そしてこの時に紹介してもらった社員さんが、その後しばらくの蓮華の活動を全力でサポートしてくれる方だったことも、人の縁の才能が故かもしれない。(その時のギャラも入れてくれてたんだよね)
その後、笑一さんのご紹介や、その社員さんの営業により、徐々にバルーンアートの仕事が増えてきた。
100の練習より1の現場とはよく言ったもので、現場でバルーンを作ることが何よりの血肉になっていった。
個人的には100の練習より1の現場、1の現場のための100の練習であることも付け加えておきたい。
練習しなければ、何の意味もない。
バルーンを初めて最初の1年間。
その1年間は確実の今の僕の礎になっている。
その後、バルーンの全国大会や、大きな本番前など、スポット的に必死に練習することはあっても、あの1年間の必死さに比べたらまだまだなんじゃないかと思う。

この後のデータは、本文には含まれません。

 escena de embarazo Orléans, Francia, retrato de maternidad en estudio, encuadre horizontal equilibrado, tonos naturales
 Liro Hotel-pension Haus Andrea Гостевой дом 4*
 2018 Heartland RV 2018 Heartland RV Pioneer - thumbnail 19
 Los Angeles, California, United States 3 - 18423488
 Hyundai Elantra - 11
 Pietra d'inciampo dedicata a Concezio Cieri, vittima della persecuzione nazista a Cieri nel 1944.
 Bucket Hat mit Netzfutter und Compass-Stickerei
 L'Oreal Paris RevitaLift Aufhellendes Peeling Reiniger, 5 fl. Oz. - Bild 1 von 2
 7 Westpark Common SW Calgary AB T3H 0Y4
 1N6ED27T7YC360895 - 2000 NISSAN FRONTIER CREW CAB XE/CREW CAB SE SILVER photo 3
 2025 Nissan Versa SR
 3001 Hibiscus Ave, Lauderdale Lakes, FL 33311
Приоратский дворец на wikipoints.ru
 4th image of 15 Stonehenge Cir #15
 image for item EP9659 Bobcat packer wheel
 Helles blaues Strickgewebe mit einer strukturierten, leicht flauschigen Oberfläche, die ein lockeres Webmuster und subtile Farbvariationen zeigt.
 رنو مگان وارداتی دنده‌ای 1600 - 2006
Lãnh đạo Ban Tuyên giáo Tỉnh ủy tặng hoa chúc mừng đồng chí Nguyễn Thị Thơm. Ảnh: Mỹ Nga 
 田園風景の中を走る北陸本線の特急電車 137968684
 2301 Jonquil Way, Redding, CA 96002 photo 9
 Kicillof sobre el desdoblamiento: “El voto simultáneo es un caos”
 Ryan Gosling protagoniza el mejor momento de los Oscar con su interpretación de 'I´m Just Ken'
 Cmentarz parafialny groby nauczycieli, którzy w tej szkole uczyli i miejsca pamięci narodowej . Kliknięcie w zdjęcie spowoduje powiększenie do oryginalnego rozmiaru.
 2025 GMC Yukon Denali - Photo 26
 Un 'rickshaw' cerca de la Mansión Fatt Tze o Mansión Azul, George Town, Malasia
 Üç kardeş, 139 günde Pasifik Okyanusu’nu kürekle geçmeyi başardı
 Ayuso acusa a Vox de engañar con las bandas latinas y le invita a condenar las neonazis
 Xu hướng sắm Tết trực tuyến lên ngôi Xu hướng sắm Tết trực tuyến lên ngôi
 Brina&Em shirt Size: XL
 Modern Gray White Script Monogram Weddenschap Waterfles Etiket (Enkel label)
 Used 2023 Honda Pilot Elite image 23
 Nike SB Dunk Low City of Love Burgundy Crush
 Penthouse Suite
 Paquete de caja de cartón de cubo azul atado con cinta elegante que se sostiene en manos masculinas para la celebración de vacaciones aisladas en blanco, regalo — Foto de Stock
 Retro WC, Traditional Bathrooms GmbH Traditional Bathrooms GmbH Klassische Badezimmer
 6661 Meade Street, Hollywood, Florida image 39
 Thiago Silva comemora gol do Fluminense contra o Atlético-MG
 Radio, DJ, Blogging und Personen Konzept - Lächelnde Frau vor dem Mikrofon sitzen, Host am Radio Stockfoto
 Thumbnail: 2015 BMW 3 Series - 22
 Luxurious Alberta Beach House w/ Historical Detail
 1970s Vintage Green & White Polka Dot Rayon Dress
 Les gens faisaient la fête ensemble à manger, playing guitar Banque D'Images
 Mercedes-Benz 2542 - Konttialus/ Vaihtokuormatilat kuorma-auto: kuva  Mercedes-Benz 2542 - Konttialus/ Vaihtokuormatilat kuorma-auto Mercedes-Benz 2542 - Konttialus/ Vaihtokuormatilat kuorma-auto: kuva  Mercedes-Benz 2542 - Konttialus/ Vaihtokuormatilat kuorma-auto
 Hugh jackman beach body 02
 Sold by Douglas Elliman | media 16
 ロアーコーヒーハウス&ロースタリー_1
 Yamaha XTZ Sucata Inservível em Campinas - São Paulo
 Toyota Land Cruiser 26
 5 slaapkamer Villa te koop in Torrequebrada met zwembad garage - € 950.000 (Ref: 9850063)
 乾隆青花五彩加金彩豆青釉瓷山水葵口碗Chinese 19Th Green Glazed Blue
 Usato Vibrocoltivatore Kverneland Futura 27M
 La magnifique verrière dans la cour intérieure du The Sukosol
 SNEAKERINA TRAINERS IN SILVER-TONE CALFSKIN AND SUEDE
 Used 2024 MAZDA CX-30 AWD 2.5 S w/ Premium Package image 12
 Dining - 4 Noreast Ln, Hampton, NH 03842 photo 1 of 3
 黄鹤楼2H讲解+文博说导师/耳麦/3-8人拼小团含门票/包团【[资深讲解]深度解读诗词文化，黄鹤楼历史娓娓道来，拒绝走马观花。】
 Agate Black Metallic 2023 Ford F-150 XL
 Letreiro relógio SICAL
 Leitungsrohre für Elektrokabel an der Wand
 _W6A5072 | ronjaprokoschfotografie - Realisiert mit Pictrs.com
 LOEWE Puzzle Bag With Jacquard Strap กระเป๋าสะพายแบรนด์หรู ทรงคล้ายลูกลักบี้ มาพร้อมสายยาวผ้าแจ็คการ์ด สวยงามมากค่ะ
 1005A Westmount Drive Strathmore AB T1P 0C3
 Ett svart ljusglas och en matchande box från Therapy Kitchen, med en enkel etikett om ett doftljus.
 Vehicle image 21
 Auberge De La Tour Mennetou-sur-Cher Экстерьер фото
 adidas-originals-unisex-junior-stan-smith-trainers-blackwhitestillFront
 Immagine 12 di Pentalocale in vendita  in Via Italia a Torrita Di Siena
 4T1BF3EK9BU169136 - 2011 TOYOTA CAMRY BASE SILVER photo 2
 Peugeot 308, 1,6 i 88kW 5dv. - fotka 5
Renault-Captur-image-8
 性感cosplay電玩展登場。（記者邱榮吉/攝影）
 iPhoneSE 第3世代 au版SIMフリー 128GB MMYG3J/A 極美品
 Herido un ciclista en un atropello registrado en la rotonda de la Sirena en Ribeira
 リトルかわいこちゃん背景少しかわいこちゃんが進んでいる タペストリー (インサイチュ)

今も自分がめちゃくちゃ上手いかと言われればそうは思わないし、逆に上手くなればなるほど、他の上手い人のすごさに気づいて凹むことも多い。
技術だけは笑一さんに少しでも近づけるように練習してきたつもりが、その背中はどんどん離れていく。
今回の自粛期間。
この数年はありがたいことにお仕事がたくさんあり、僕が作る風船は全て仕事のための風船だった。
久しぶりに練習のための風船に触れてみると、今までとは違った発見も多い。
いつかまた人前でバルーンショーを披露する機会が来た時に、また新しい風船の魅力や、面白いネタを出来るようになっておきたい。